-- Exercise materials --

--- START ---

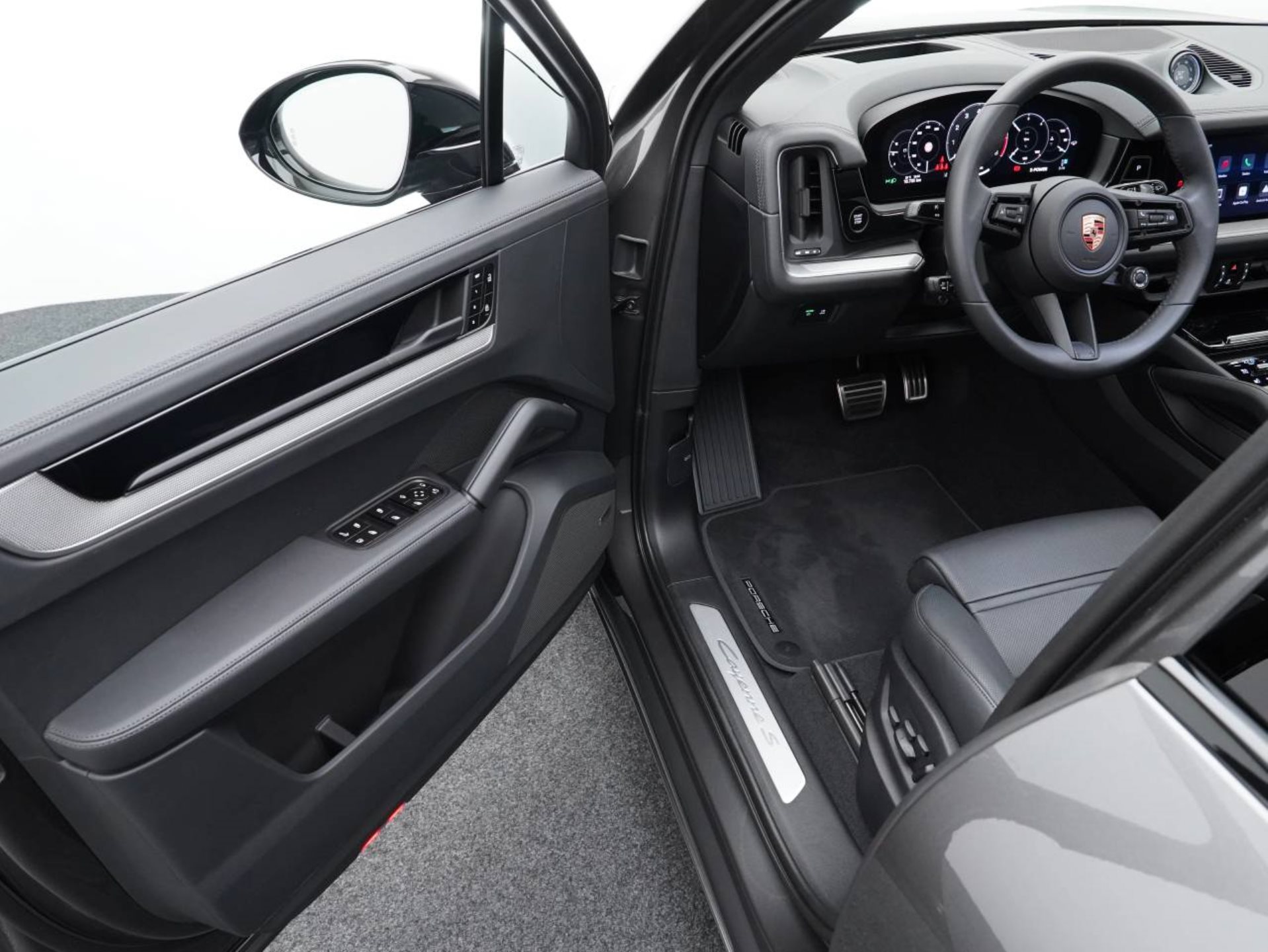 PORSCHE Cayenne S E-Hybrid-image-3
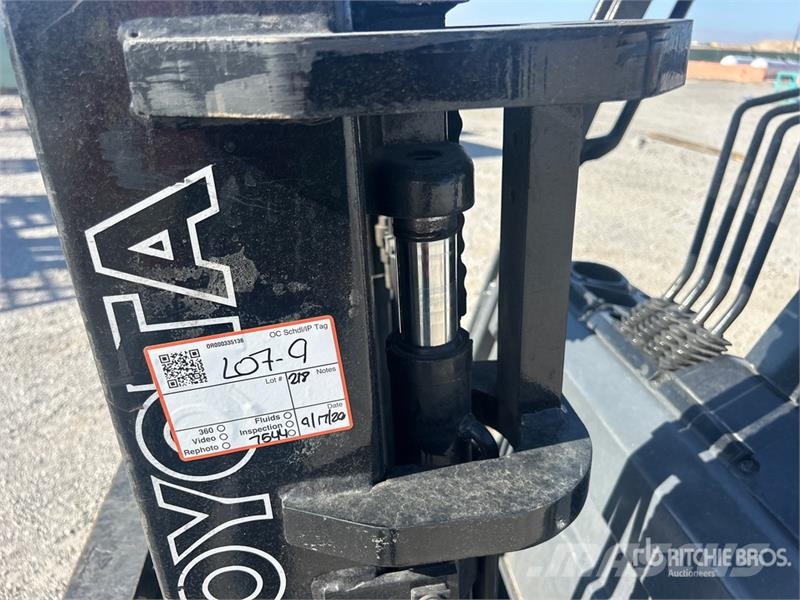 Toyota 8FGCU20 4000 lb Pneumatic Tire Forklift Andere Gabelstapler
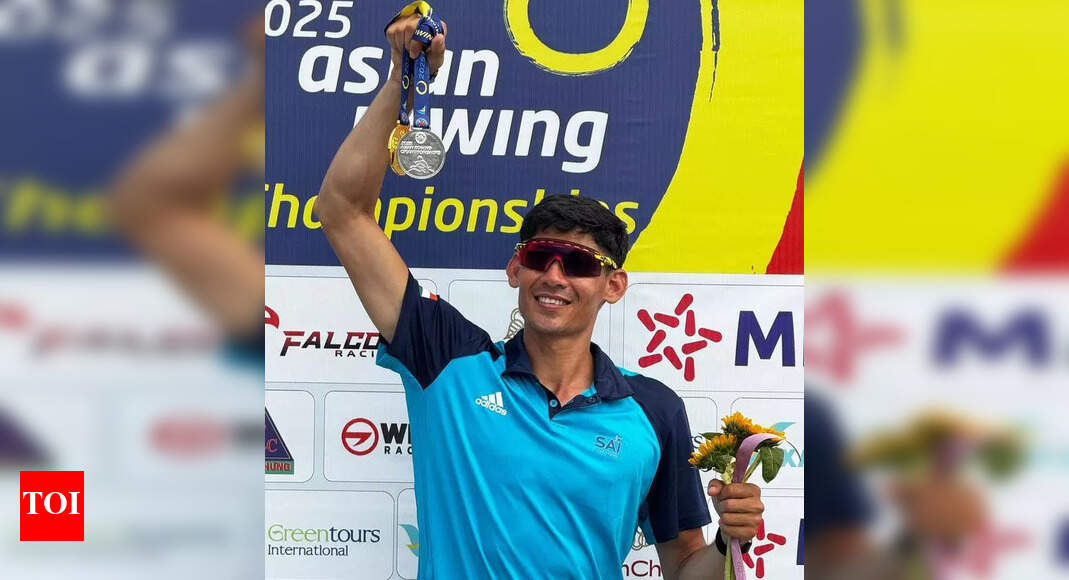 रोवर त्यागीने आशियाई चॅम्पियनशिपमध्ये सुवर्ण आणि रौप्यपदक मिळवले आहे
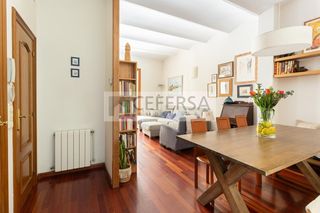 Casa a Sant Ramon - Maternitat. Exclusiva casa histórica ubicada en pasaje de les corts.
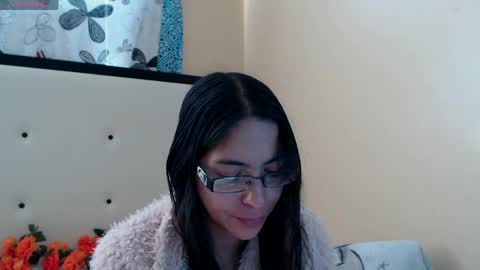 paola online show from 11, 4, 2026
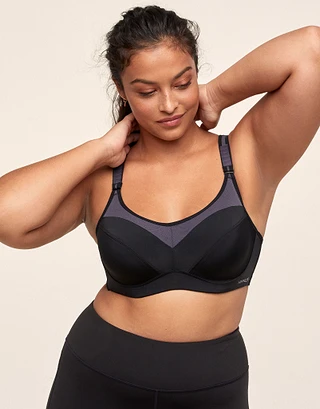 Maho Black Plus Contour activewear bundle Model 2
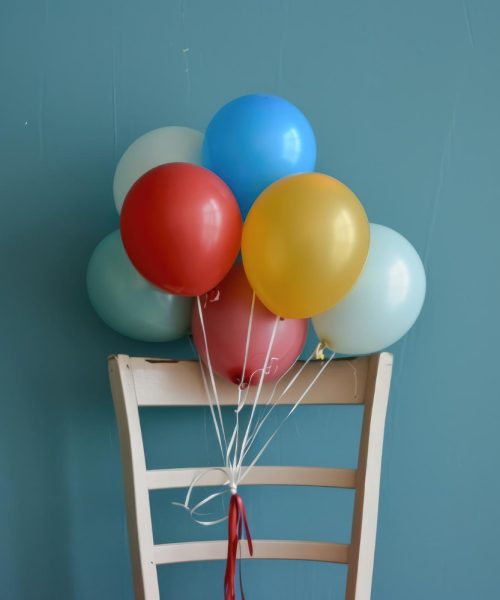 Pot baloanele să se spargă singure?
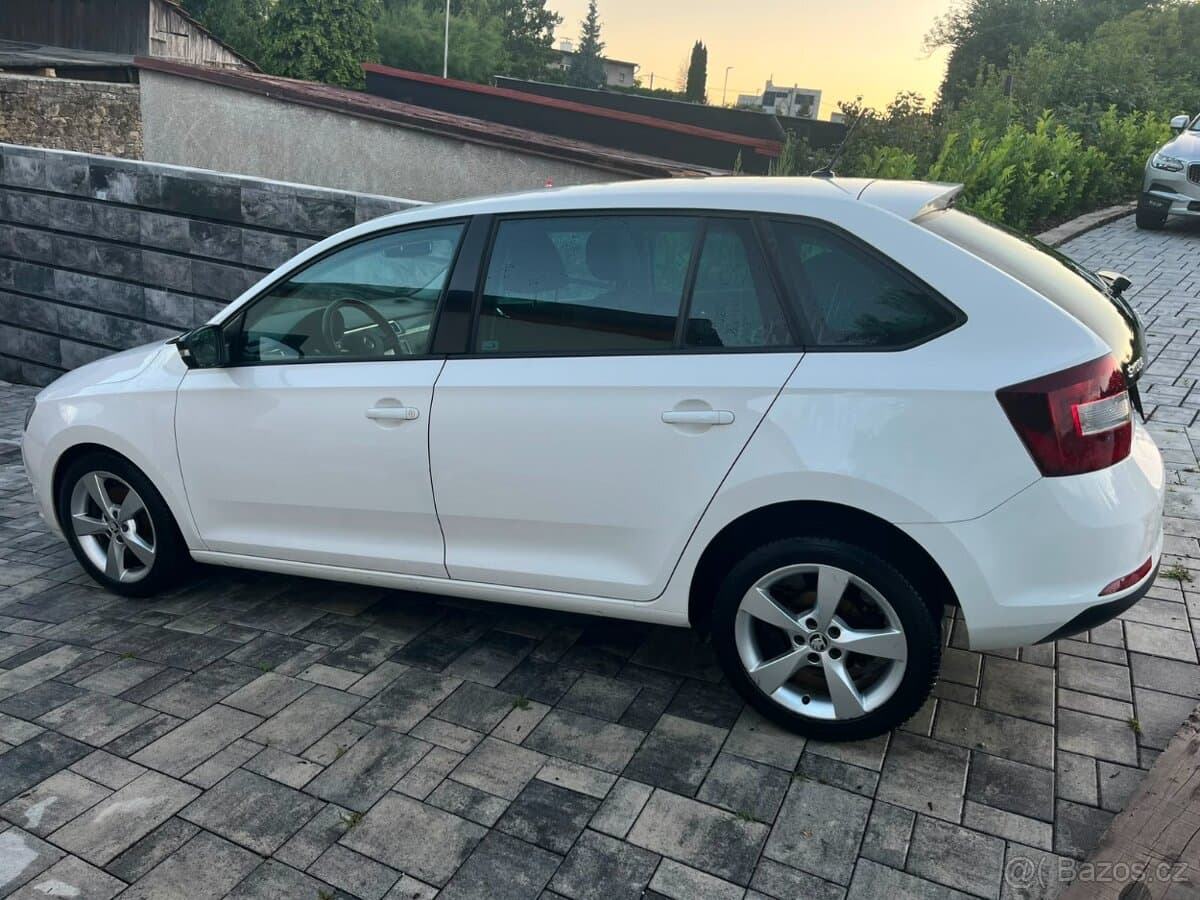 2015 Škoda RAPID - 12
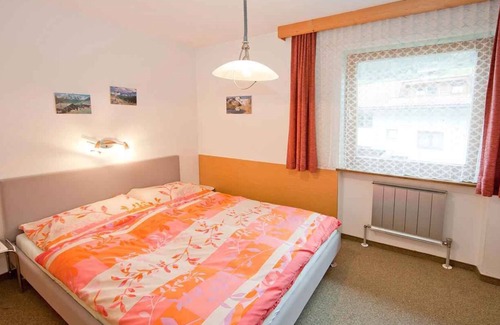 Hart im Zillertal Apartment | Holiday apartment with balcony and wifi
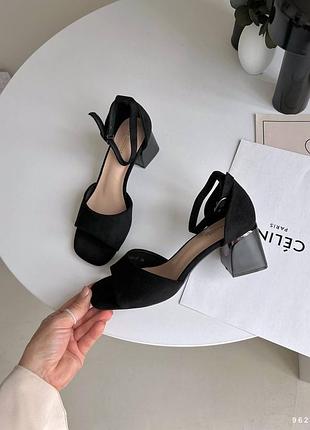 Жіночі чорні босоніжки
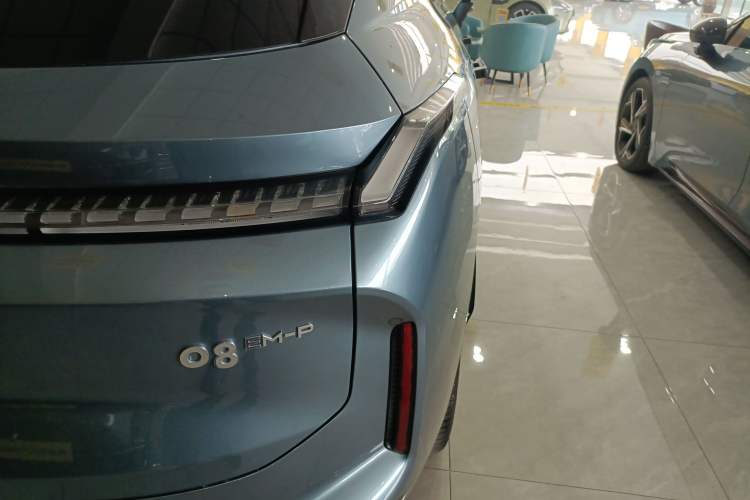 Used Lynk & Co 08 EM-P 2023 220km All-Wheel-Drive Performance Halo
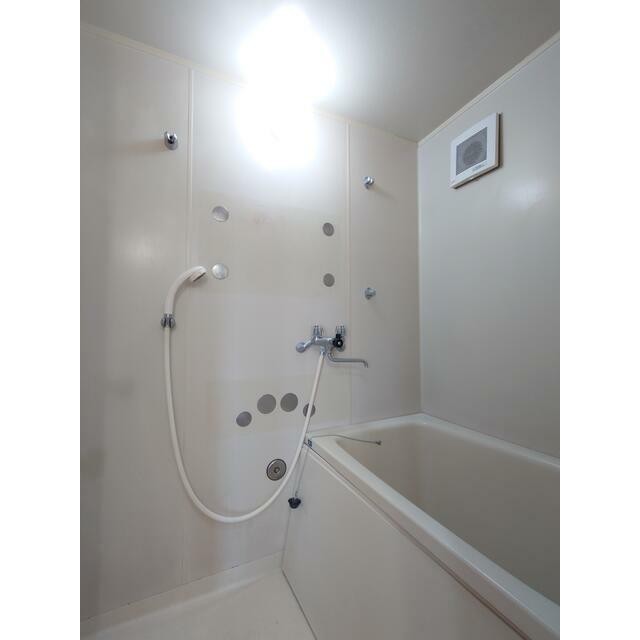 ※掲載の室内画像は、リフォーム前の画像です。予めご了承ください。(風呂)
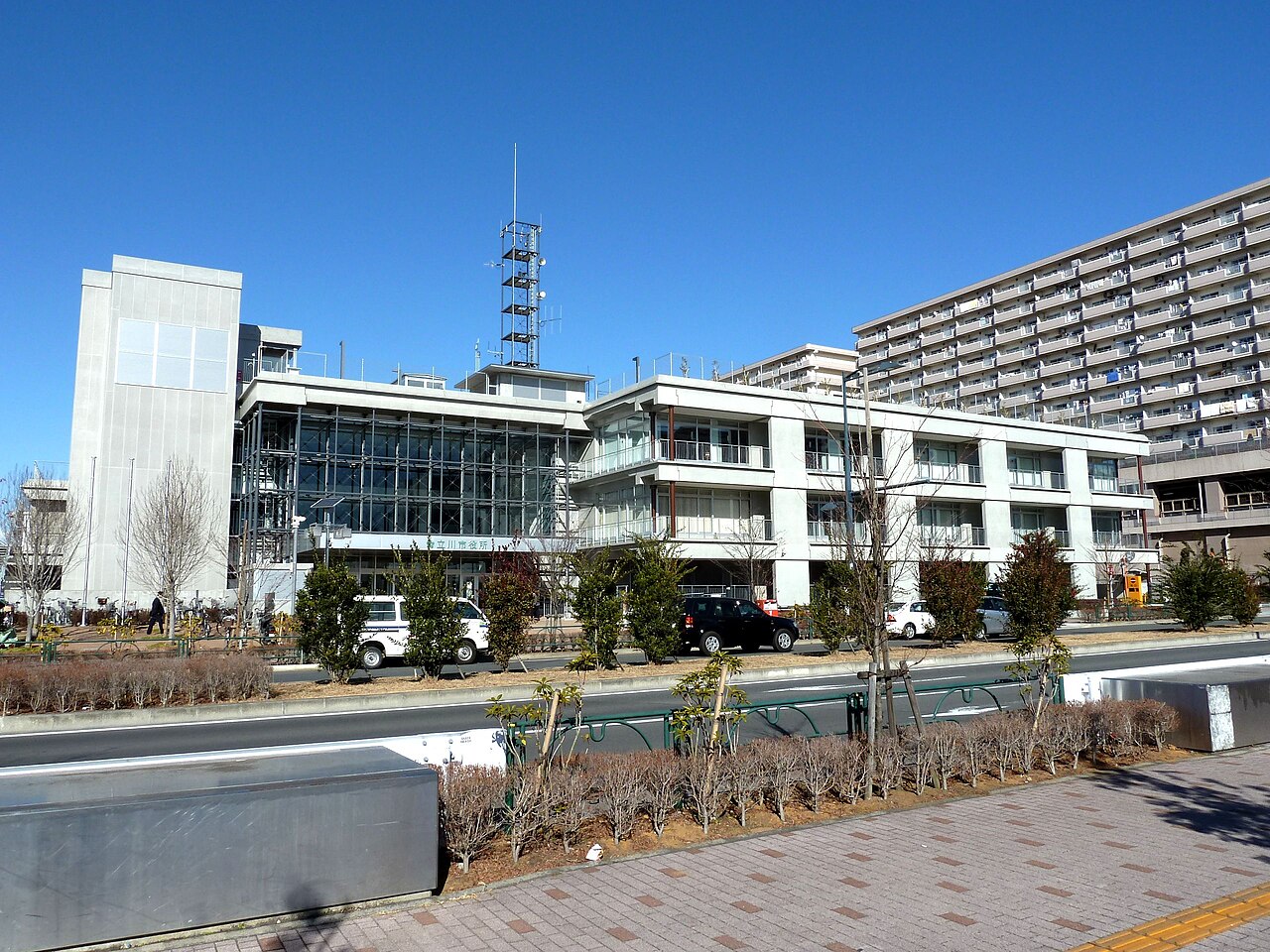 Tachikawa's new city hall in Izumicho, where the offices moved in 2010 (photographed January 2011)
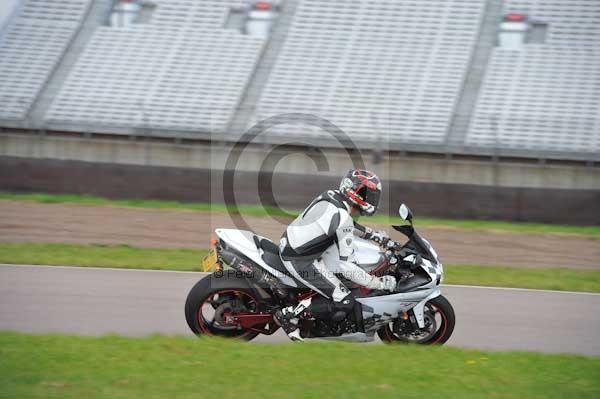 Motorcycle action photographs;Rockingham;Rockingham photographs;Trackday digital images;event digital images;eventdigitalimages;no limits trackday;peter wileman photography;rockingham corby northamptonshire;trackday;trackday photos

--- END ---

-- Task details --
Only the lines from the line containing "paola online show from 11, 4, 2026" through the last line of the entries above should be reproduced, word for word and without pictures.

-- Problem solution --
 paola online show from 11, 4, 2026
 Maho Black Plus Contour activewear bundle Model 2
 Pot baloanele să se spargă singure?
 2015 Škoda RAPID - 12
 Hart im Zillertal Apartment | Holiday apartment with balcony and wifi
 Жіночі чорні босоніжки
 Used Lynk & Co 08 EM-P 2023 220km All-Wheel-Drive Performance Halo
 ※掲載の室内画像は、リフォーム前の画像です。予めご了承ください。(風呂)
 Tachikawa's new city hall in Izumicho, where the offices moved in 2010 (photographed January 2011)
 Motorcycle action photographs;Rockingham;Rockingham photographs;Trackday digital images;event digital images;eventdigitalimages;no limits trackday;peter wileman photography;rockingham corby northamptonshire;trackday;trackday photos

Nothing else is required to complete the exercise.